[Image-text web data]
————————

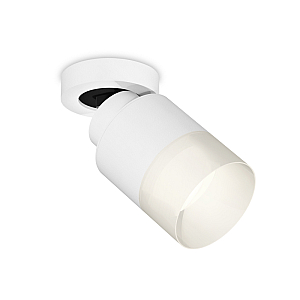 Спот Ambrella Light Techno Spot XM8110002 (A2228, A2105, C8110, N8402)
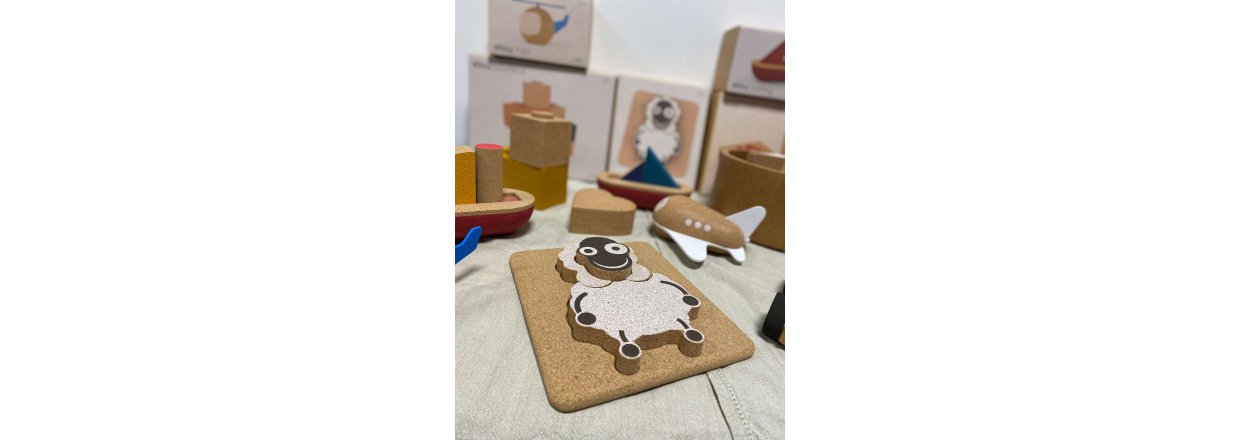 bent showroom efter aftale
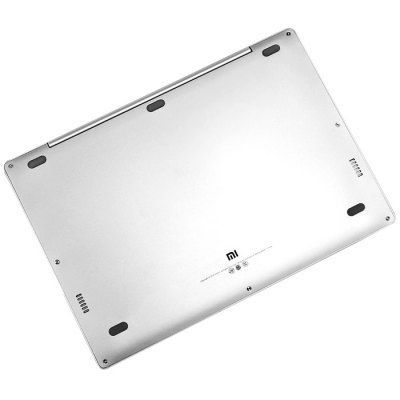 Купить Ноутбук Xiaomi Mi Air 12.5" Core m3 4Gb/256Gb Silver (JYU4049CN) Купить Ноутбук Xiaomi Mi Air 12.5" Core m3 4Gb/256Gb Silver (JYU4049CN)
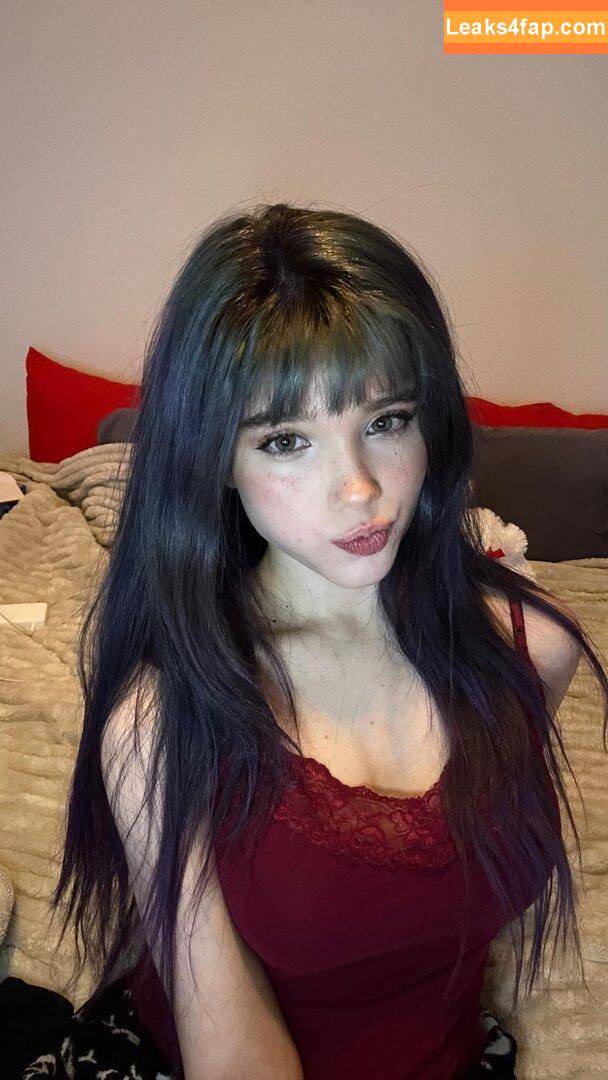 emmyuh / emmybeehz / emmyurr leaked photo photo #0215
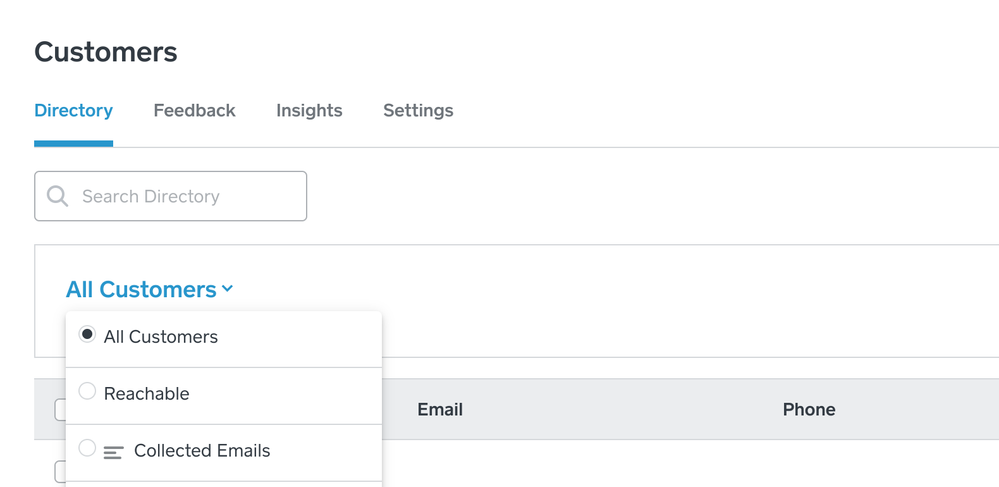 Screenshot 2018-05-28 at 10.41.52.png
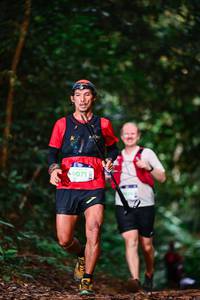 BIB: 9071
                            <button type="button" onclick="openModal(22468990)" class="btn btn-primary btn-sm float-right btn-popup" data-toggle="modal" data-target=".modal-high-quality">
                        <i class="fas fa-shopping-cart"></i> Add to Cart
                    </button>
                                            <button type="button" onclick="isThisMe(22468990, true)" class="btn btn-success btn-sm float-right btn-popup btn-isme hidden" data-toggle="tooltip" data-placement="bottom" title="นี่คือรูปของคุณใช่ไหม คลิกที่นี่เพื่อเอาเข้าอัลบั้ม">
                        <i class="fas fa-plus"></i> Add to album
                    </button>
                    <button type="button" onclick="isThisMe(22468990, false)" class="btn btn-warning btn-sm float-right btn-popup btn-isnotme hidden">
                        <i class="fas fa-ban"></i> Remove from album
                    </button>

————————

Once you find the line containing "btn-warning btn-sm float-right", copy it and every line after it through the end of the records, exactly as they stand.

RESULT:
                    <button type="button" onclick="isThisMe(22468990, false)" class="btn btn-warning btn-sm float-right btn-popup btn-isnotme hidden">
                        <i class="fas fa-ban"></i> Remove from album
                    </button>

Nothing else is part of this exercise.